CompuTrainer Co-Founder Chuck Wurster Interview
As co-founder of CompuTrainer, Chuck Wurster has not only seen it all in the world of power-based cycling trainers, he’s had a hand in the creation of a category that most of us take for granted today. Chuck talked candidly about what makes CompuTrainers better than any other trainer available.
I bought my first windtrainer second hand for about $30 in the late 1980’s. It made so much noise when I wound it up in my living room, that the girls who lived downstairs knocked on my door to see what all the racket was about. Remember those days?
Indoor training has come a long way. CompuTrainer was there at the very beginning, creating the world’s first wind trainer, and then evolving it into a quiet, power-based trainer that’s been used by champions and athletes the world over.

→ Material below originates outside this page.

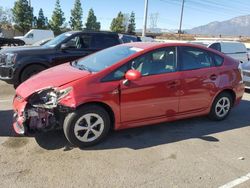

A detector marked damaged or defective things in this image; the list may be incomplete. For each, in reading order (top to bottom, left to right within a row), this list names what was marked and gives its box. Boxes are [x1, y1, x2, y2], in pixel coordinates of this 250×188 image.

damaged front end [12, 87, 73, 134]
broken headlight [29, 87, 73, 108]
crumpled hood [15, 63, 90, 98]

Chuck Wurster was there at the beginning too. As sales & marketing head of the Seattle-based RacerMate, he’s been part of the company’s leadership for 40 years. Although the software powering CompuTrainer has evolved constantly to deliver the most useful data for indoor training, the CompuTrainer still looks much like the original version – a tribute both to its design integrity and the company’s no-nonsense commitment to stick with something that works, and not change simply for change’s sake.
Another thing that hasn’t changed is Chuck’s passion for his products. Talking recently, Chuck was downright fired up about some of the competitors’ advertising claims relating to “the most realistic feeling” and “most accurate” trainers on the market.

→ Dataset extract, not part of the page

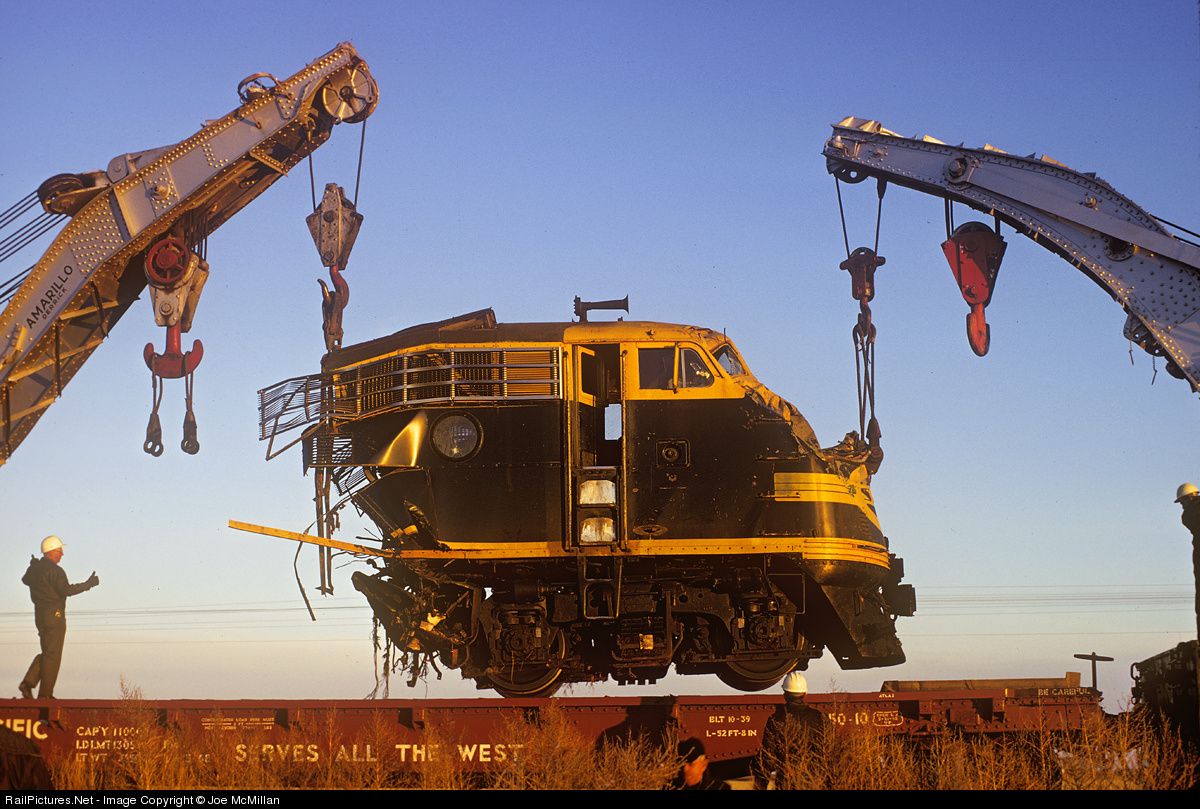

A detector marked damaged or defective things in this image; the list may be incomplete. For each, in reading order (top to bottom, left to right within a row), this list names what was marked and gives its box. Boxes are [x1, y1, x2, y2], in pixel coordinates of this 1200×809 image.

So I suggested we tee up this interview so Chuck could tell us why CompuTrainer is the most accurate and reliable trainer there is.
In The Beginning
PEZ: How did RacerMate get started, and how was the CompuTrainer invented?
Chuck: RacerMate was formed as a wholly owned subsidiary of FloScan Instrument Company, Inc., of Seattle, WA in 1975. The initial purpose of RacerMate was to commercialize the world’s first Bicycle Wind Trainer which RacerMate’s president, Wilfried Baatz, had invented. At that time the only device for indoor bike training was rollers whose use was restricted (as it still is today) to cyclists with advanced cycling skills who can balance on the rollers without crashing. The Wind Trainer required no special skill and could be used by anyone who wanted to train indoors. But most importantly, the load that it generated was essentially identical to the wind load that a cyclist experiences when riding on the road at any speed. At the time this was a remarkable improvement in indoor bike training which the cycling public was quick to take advantage of. Within a few years RacerMate was manufacturing more than 25,000 wind trainers annually.
The first wind-load trainer by RacerMate. (Even the way they spell their name has evolved.)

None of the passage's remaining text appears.